THE DATA |
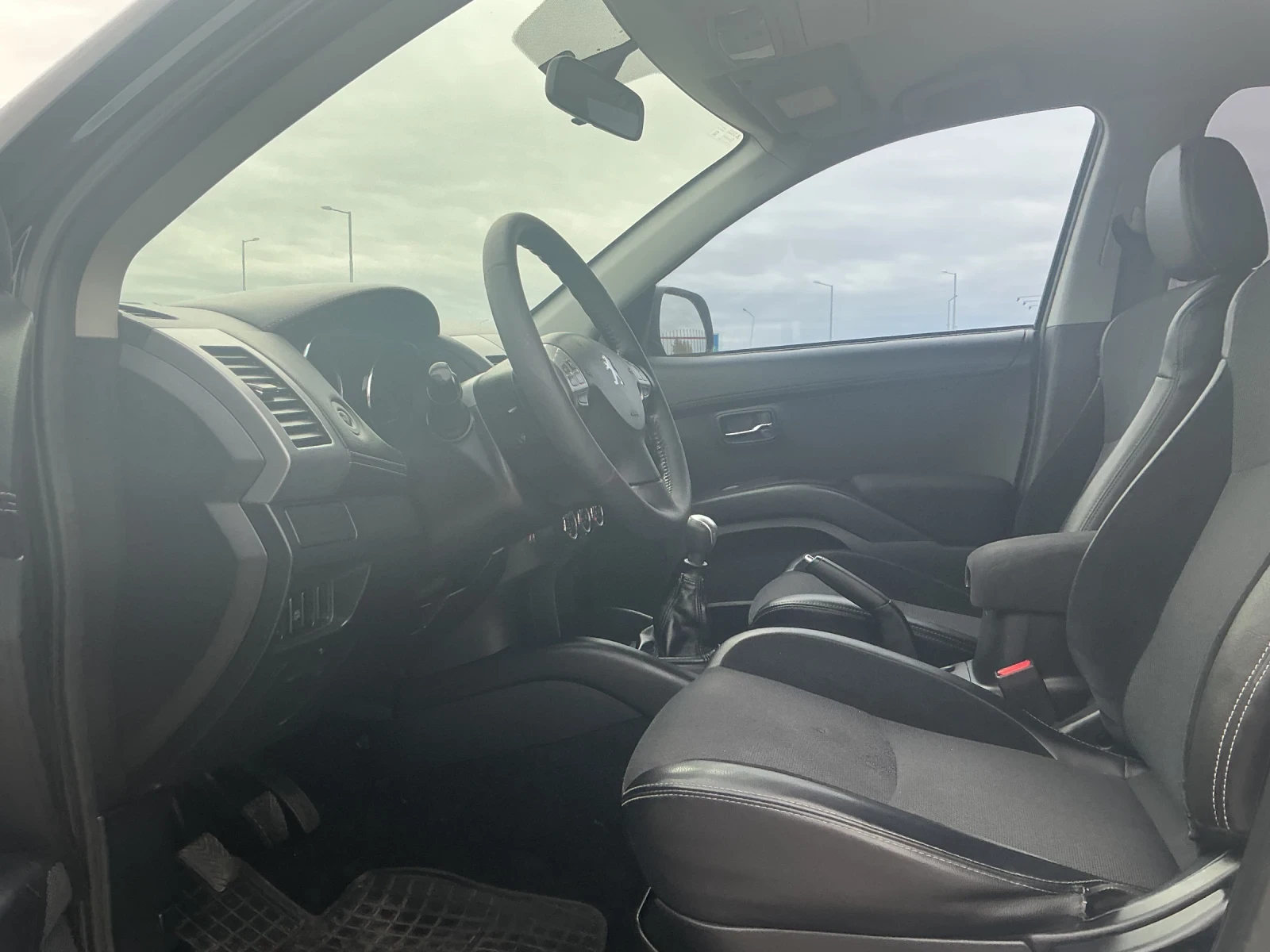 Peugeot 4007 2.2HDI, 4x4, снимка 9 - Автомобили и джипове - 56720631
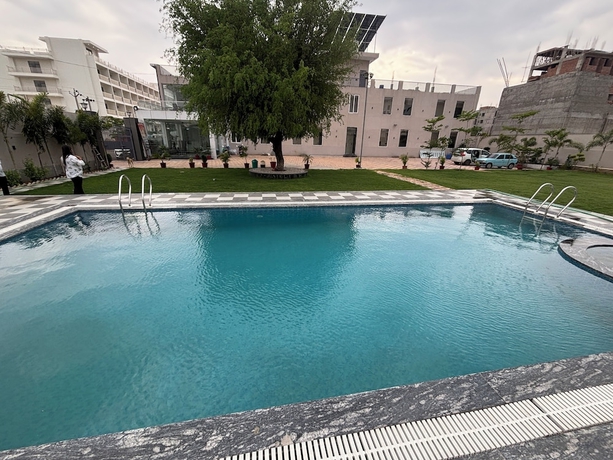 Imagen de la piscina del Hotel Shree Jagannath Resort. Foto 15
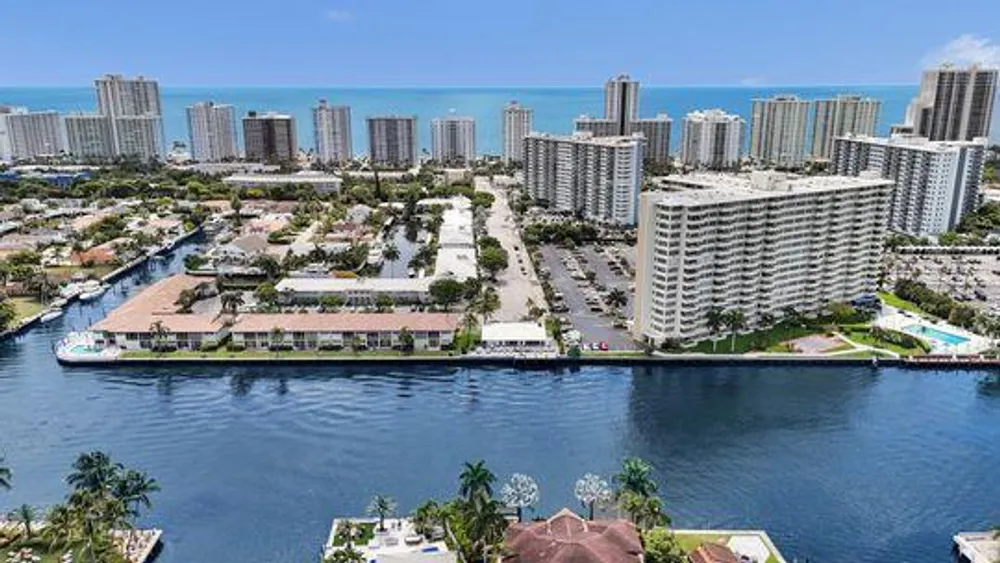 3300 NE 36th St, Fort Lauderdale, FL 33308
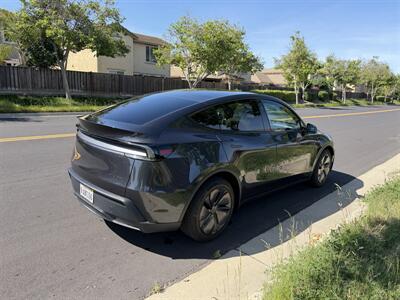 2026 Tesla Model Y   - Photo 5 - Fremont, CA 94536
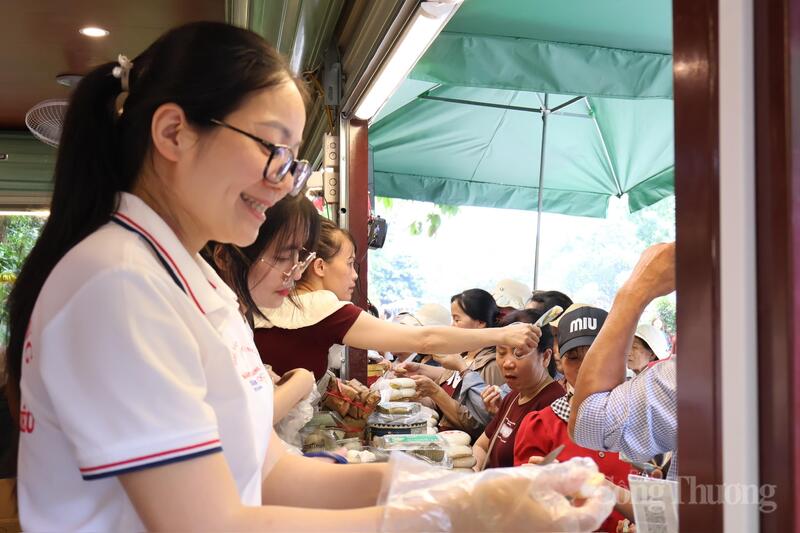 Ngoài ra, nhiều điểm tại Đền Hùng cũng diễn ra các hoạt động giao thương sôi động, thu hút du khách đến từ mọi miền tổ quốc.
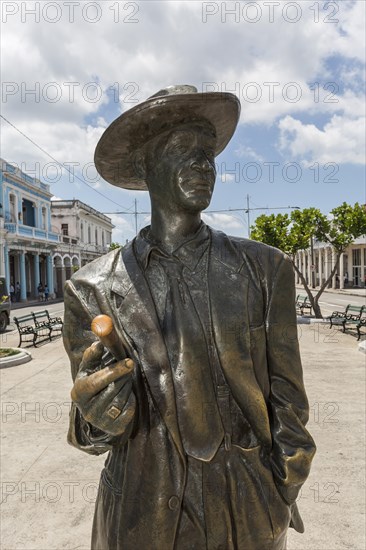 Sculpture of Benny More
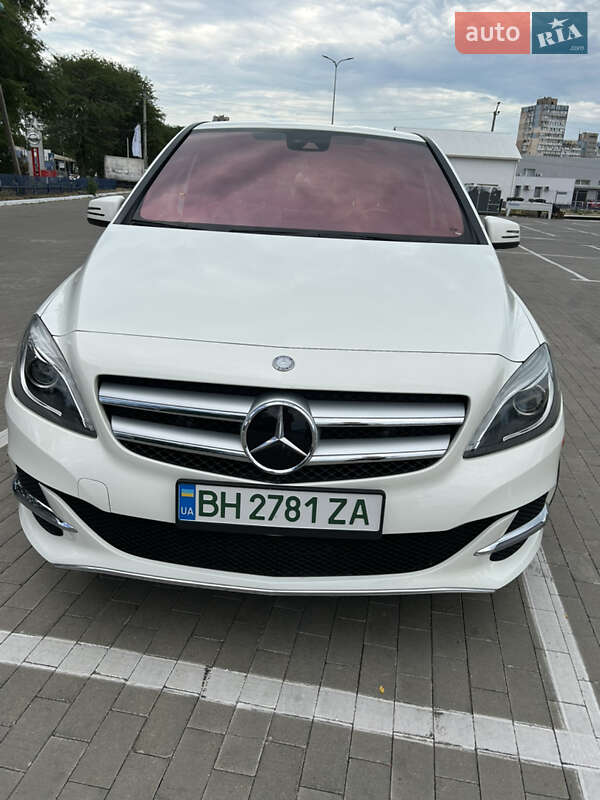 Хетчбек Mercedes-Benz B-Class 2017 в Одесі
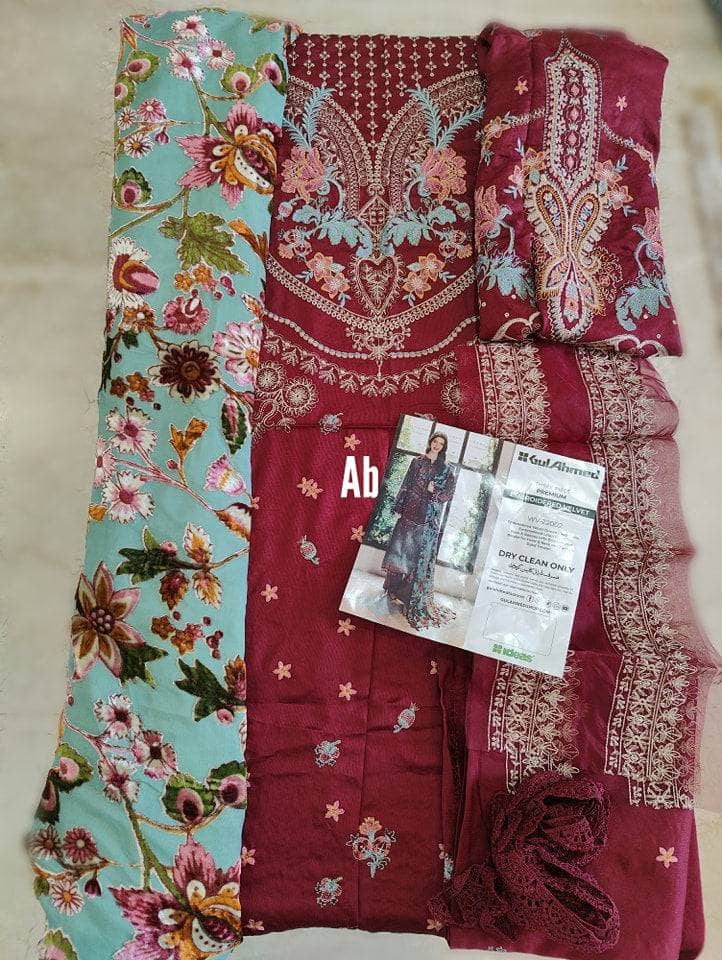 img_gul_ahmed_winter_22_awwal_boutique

WORK TO BE COMPLETED |
From the entries above, copy exactly the lines starting at the one with "Imagen de la" and stopping at the one with "2026 Tesla Model", keeping both ends. Drop the pictures.

TASK ANSWER |
 Imagen de la piscina del Hotel Shree Jagannath Resort. Foto 15
 3300 NE 36th St, Fort Lauderdale, FL 33308
 2026 Tesla Model Y   - Photo 5 - Fremont, CA 94536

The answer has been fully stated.